Sound recording plays a central role in acousmatic art making. The act dislocates sound from its physical origin in space and time, allowing one to contemplate the meaning of the data carried and the aesthetic elements of the fixed and unresponsive recorded event. When related to sound, a dictionary definition ofdisembodiment may act as an adequate departure point for an understanding of the acousmatic listening condition. That is, 1. separated from or existing without the body, 2. (of a sound) lacking any obvious physical source [3]. Through the act of dislocation, the once ephemeral nature of a sound is separated from its visible source-cause and established as a repeatable and manipulable sound-object in itself. When used in art practice, preserved sound may take on an independent life as a poetic image, given to one like that from words of a book. It may be that the desire to preserve sound emerges from a recordings capacity to etch for us a reminder of life’s transient nature, a memento mori that, as Antonin Artuad alludes to, ‘embodies and intensifies the underlying brutalities of life to recreate the thrill of experience’[4].

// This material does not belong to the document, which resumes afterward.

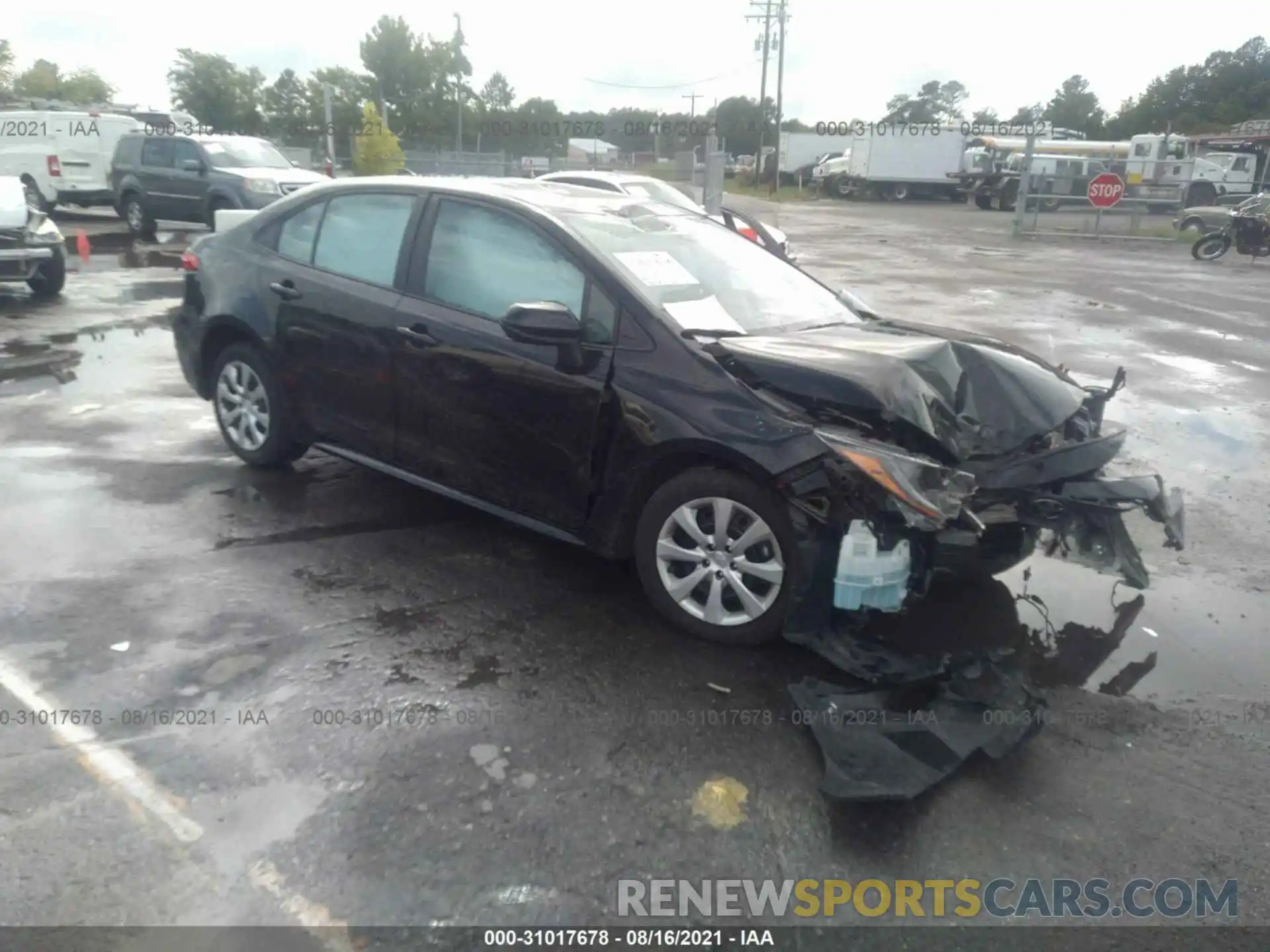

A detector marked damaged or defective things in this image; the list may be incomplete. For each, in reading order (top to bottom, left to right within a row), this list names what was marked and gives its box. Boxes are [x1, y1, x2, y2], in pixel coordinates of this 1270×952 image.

crumpled hood [721, 318, 1087, 459]
broken headlight [818, 431, 975, 530]
exposed headlight assembly [818, 431, 975, 530]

Sound recordings are documental of experience, where the microphone functions as either an inquisitive instrument, or a passive detached observer, informed by a spatial continuum from intimacy to immensity [5], [6]. This continuum suggests that close sounds embody a different psychological trace to that of distant sounds, and visa-versa. The functionality of this continuum also implies that spectral information and spatial cues are perceived as inseparable. For instance, high frequency texture is a primary cue for the individuation and localisation of a sound as it provides information about the place in which a sounding object finds itself, and the proximity of its position. Further to this, Denis Smalley [6] states that the spectral content and shape of sounds in themselves suggest spatiality, thus the manipulation of spectro-morphological change can assist to reanimate spatial morphology with significance. In other words, spatial articulation, to a large degree, is determined by a sounds spectro-morphology, and it is by traversing to-and-fro along the spatial continuum that much of the structural interest and creative expression is to be enjoyed when working with recorded sound.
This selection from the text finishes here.